I already have $$\int_{k\pi}^{(k+1)\pi}|\frac{\sin t}{t}|dt=\frac{2}{\pi}\frac{1}{k}+O(\frac{1}{k^2})$$ $$\sum_{k=1}^{n}\frac{1}{k}=\log n+\gamma+O(\frac{1}{n})$$ so that $$\int_{\pi}^{(k+1)\pi}|\frac{\sin t}{t}|dt=\frac{2}{\pi}\log n+O(1)$$
If we can have $$L_n=\frac{2}{\pi}\int_{\pi}^{(n+1)\pi}|\frac{\sin t}{t}|dt+O(1)$$, then we are done. According are two steps
- $$2 \pi L_n=\int_{-\pi}^{\pi}|\frac{\sin ((N+1/2)x)}{t/2}|dt+O(1)$$
- $$\int_{-\pi}^{\pi}|\frac{\sin ((N+1/2)x)}{t/2}|dt=4\int_{\pi}^{N\pi}|\frac{\sin t}{t}|dt+O(1)$$ Now I think I need some help on these two steps.

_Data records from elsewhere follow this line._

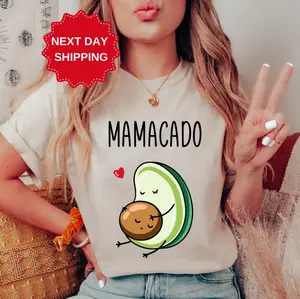 Personalized Mamacado Shirt, Baby Announcement Shirt, New Mom Gift, Pregnancy Reveal Shirt, Maternity Shirts, Baby Shower Gift, Mother's Day Gift, Mamacado Sweatshirt, New Mom Merch Shirt, Mom Shirt, Mom Life Shirt, Gift for Him, Gift for Her 7035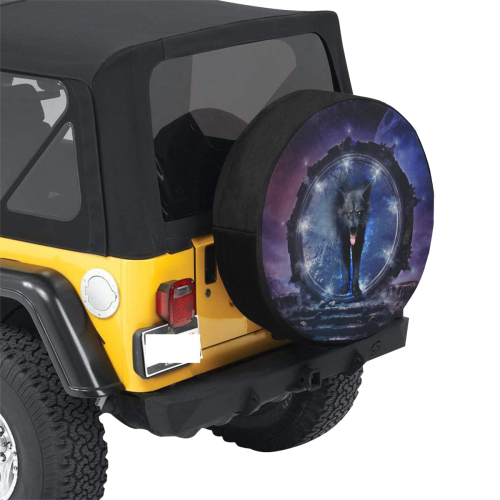 Awesome wolf 30 Inch Spare Tire Cover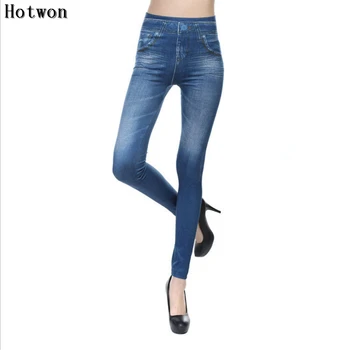 Jean Legging Naujas mados moterų Aukštos Kokybės atsitiktinis džinsus Pieštuku Kelnės moterims elastinga juosmens aukštos juosmens liesas ruožas džinsai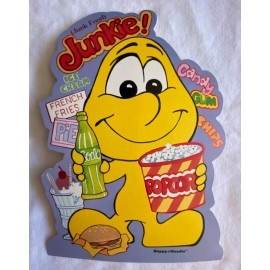 Vintage Happy Moodie Diecut Decoration Standee - 1983 - Old Store Stock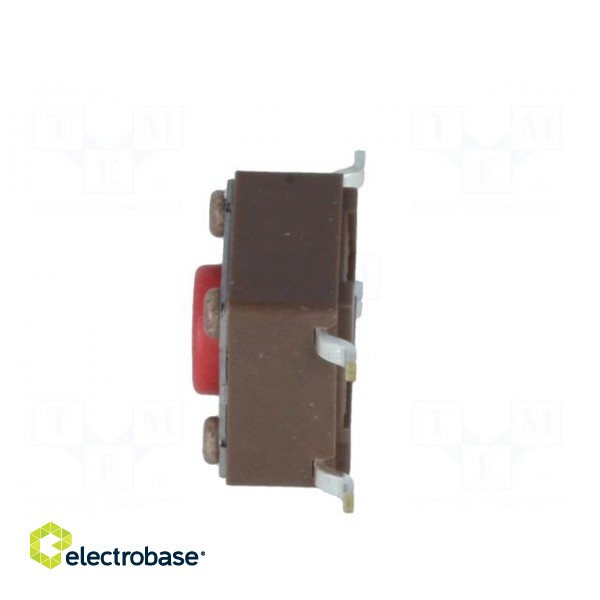 Microswitch TACT | SPST-NO | Pos: 2 | 0.05A/12VDC | SMT | none | 2.6N paveikslėlis 3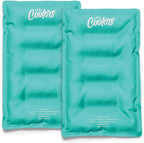 Cool Coolers by Fit & Fresh 2 Pack XL Soft Ice Packs for Cooler, Flexible Stretch Nylon, Lunch Box Ice Packs, Large Reusable Freezer Packs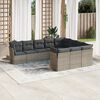 vidaXL Garden Sofa Set Grey, Dark Grey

\begin{align*} &L_{n}=\dfrac{1}{\pi}\int_{0}^{\pi}\left|\dfrac{\sin{(n+\frac{1}{2})x}}{\sin{\frac{x}{2}}}\right|dx>\dfrac{2}{\pi}\int_{0}^{\frac{\pi}{2}}\left|\dfrac{\sin{(n+\frac{1}{2})2t}}{\sin{t}}\right|dt>\dfrac{2}{\pi}\int_{0}^{\frac{\pi}{2}}\dfrac{|\sin{(n+\frac{1}{2})2t}|}{t}dt\\ &=\dfrac{2}{\pi}\int_{0}^{(2n+1)\pi/2}\dfrac{|\sin{u}|}{u}du>\dfrac{2}{\pi}\sum_{k=0}^{n-1}\int_{k\pi}^{(k+1)\pi}\dfrac{|\sin{u}|}{u}du\\ &=\dfrac{2}{\pi}\sum_{k=0}^{n-1}\int_{0}^{\pi}\dfrac{\sin{u}}{u+k\pi}du>\dfrac{2}{\pi}\sum_{k=0}^{n-1}\dfrac{1}{(k+1)\pi}\int_{0}^{\pi}\sin{u}du\\ &=\dfrac{4}{\pi^2}\sum_{k=0}^{n-1}\dfrac{1}{k+1} >\dfrac{4}{\pi^2}\ln{n}+\dfrac{4}{\pi^2}\gamma \end{align*} where $\gamma$ is Euler's constant. other hand
$$\left|\dfrac{\sin(n+1/2)t}{\sin{t/2}}-\dfrac{\sin{nt}}{\tan{t/2}}\right|\le 1$$
so \begin{align*} &L_{n}\le 1+\dfrac{2}{\pi}\int_{0}^{\pi/2}\left|\dfrac{\sin{(2nt)}}{\tan{t}}\right|dt\\ &<1+\dfrac{2}{\pi}\int_{0}^{\pi/2}\dfrac{|\sin{2nt}|}{t}dt\\ &=1+\dfrac{2}{\pi}\sum_{k=1}^{n}\int_{0}^{\pi}\dfrac{\sin{t}}{t+(k-1)\pi}dt\\ &<1+\dfrac{2}{\pi}\int_{0}^{\pi}\dfrac{\sin{t}}{t}dt+\dfrac{4}{\pi^2}\sum_{k=2}^{n}\dfrac{1}{k-1}\\ &<C+\dfrac{4}{\pi^2}\ln{n}+\dfrac{4}{\pi^2}\gamma \end{align*} so your result is obvious.